Segment Open

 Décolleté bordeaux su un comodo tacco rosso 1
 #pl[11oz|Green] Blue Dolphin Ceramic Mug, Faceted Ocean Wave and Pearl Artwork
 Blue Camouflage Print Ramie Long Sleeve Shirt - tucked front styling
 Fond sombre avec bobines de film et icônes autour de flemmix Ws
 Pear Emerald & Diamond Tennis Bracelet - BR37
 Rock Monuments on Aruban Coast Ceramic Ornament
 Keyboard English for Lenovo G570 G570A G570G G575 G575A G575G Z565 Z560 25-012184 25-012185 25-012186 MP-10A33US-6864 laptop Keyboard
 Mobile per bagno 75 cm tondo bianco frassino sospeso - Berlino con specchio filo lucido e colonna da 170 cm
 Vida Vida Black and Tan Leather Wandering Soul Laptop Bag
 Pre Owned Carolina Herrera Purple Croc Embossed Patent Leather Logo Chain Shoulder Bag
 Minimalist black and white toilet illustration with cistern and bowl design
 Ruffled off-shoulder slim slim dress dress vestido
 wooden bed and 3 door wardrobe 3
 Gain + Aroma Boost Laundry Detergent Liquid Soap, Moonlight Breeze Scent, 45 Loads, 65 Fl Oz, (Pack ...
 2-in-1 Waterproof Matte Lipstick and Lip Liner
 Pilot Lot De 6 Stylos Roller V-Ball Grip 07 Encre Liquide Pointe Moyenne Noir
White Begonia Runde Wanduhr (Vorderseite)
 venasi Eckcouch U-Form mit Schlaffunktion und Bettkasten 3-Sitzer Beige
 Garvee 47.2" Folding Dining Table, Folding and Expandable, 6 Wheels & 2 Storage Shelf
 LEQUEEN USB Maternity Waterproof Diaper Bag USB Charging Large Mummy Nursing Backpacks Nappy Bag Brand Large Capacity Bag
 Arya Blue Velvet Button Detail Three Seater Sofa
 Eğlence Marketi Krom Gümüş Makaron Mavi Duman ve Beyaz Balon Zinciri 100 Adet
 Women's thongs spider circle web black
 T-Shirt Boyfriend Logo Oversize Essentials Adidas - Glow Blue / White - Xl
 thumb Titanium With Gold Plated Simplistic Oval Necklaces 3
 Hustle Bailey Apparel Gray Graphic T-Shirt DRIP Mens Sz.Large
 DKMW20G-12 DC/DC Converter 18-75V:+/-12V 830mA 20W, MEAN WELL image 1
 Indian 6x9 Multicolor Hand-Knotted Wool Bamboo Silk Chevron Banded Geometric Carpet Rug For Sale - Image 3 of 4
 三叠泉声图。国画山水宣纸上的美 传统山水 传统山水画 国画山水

Segment Closed

**Task statement:** Repeat the lines from the first one in the records through the line containing "wooden bed and 3 door wardrobe 3", exactly as written, and nothing else.

**Result for this exercise:**
 Décolleté bordeaux su un comodo tacco rosso 1
 #pl[11oz|Green] Blue Dolphin Ceramic Mug, Faceted Ocean Wave and Pearl Artwork
 Blue Camouflage Print Ramie Long Sleeve Shirt - tucked front styling
 Fond sombre avec bobines de film et icônes autour de flemmix Ws
 Pear Emerald & Diamond Tennis Bracelet - BR37
 Rock Monuments on Aruban Coast Ceramic Ornament
 Keyboard English for Lenovo G570 G570A G570G G575 G575A G575G Z565 Z560 25-012184 25-012185 25-012186 MP-10A33US-6864 laptop Keyboard
 Mobile per bagno 75 cm tondo bianco frassino sospeso - Berlino con specchio filo lucido e colonna da 170 cm
 Vida Vida Black and Tan Leather Wandering Soul Laptop Bag
 Pre Owned Carolina Herrera Purple Croc Embossed Patent Leather Logo Chain Shoulder Bag
 Minimalist black and white toilet illustration with cistern and bowl design
 Ruffled off-shoulder slim slim dress dress vestido
 wooden bed and 3 door wardrobe 3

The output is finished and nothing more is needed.